映画と人とわたし by エノキダケイコ

映画は時代の空気や、世代の感覚を伝え続ける、面白くて大切な文化だと思います。KINENOTEとこのブログに、見た映画の感想を記録しています。

フリッツ・ラング監督「ブルー・ガーディニア」3464本目

1953年にラング監督がハリウッドで撮った作品。

ロマンチックな音楽のオープニング、主題歌はナット・キング・コール、映画の黄金時代って感じです。主演はアン・バクスター、登場する女性は三人ともブロンドでキュート。舞台劇みたいにちょっとしゃれた会話のやりとり、ほんの少し緊張感がある日常。

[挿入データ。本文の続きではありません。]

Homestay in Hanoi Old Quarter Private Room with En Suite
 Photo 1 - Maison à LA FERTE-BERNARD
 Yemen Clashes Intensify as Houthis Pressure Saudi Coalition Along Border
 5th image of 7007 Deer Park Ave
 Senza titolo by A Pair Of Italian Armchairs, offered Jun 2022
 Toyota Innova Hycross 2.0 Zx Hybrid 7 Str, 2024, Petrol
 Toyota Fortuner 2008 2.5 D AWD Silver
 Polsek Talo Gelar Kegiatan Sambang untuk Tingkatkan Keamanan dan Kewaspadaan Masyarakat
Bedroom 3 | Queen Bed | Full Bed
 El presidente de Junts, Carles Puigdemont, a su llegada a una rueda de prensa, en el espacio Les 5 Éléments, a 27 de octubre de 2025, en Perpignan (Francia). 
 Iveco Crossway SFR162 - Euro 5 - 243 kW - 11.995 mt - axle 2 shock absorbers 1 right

アン・バクスター演じるノーラが誕生日に振られて、さっそく口説いてきた画家と過ごすレストラン「ブルー・ガーディニア(青いクチナシ)」の舞台では若きナット・キング・コールがにこやかに歌っています。なんか豪華。泥酔した彼女は画家のアパートで、もうろうとしたまま抵抗して、記憶のないまま帰宅。

作品中の女性のファッションにこだわる監督は多いけど、この作品の女性たちはキュートで親しみやすいけど、常に髪をまとめてきちんと眉を描いていて、ハイヒールが似合います。電話交換手として立ち働く姿も素敵。

自分が泥酔状態で人を殺してしまったのでは?と恐れ続けるヒロインにすごく惹きつけられる・・・けど、解決に至る部分は短いしあっさりしてるし、その後あらゆるサスペンス映画を見てしまった私たちには物足りなく感じられます。。。でも、ラング監督が描きたかったのは、追い込まれるヒロイン像だと思うので、その部分の出来が素晴らしいのでやっぱり見て損はない映画だと思います。